[Scraped caption text data]

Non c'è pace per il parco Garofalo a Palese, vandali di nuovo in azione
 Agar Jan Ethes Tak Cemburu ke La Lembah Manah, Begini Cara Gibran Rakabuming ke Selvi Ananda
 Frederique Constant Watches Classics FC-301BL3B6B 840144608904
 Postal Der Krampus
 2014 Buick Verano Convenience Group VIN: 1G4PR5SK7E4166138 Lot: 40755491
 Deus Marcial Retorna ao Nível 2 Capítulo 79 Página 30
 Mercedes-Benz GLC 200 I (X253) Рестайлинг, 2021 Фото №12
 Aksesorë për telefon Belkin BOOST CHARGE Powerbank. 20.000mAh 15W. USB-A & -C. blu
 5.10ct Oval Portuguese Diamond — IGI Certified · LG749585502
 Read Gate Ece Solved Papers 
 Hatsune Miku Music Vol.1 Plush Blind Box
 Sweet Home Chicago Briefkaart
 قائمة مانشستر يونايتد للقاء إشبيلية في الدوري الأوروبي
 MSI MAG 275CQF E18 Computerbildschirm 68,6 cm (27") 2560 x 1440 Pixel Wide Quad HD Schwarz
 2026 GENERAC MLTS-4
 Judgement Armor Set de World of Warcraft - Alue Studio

» **Problem to solve**
Write out the data again in full. Match it exactly.

» **Task solution**
Non c'è pace per il parco Garofalo a Palese, vandali di nuovo in azione
 Agar Jan Ethes Tak Cemburu ke La Lembah Manah, Begini Cara Gibran Rakabuming ke Selvi Ananda
 Frederique Constant Watches Classics FC-301BL3B6B 840144608904
 Postal Der Krampus
 2014 Buick Verano Convenience Group VIN: 1G4PR5SK7E4166138 Lot: 40755491
 Deus Marcial Retorna ao Nível 2 Capítulo 79 Página 30
 Mercedes-Benz GLC 200 I (X253) Рестайлинг, 2021 Фото №12
 Aksesorë për telefon Belkin BOOST CHARGE Powerbank. 20.000mAh 15W. USB-A & -C. blu
 5.10ct Oval Portuguese Diamond — IGI Certified · LG749585502
 Read Gate Ece Solved Papers 
 Hatsune Miku Music Vol.1 Plush Blind Box
 Sweet Home Chicago Briefkaart
 قائمة مانشستر يونايتد للقاء إشبيلية في الدوري الأوروبي
 MSI MAG 275CQF E18 Computerbildschirm 68,6 cm (27") 2560 x 1440 Pixel Wide Quad HD Schwarz
 2026 GENERAC MLTS-4
 Judgement Armor Set de World of Warcraft - Alue Studio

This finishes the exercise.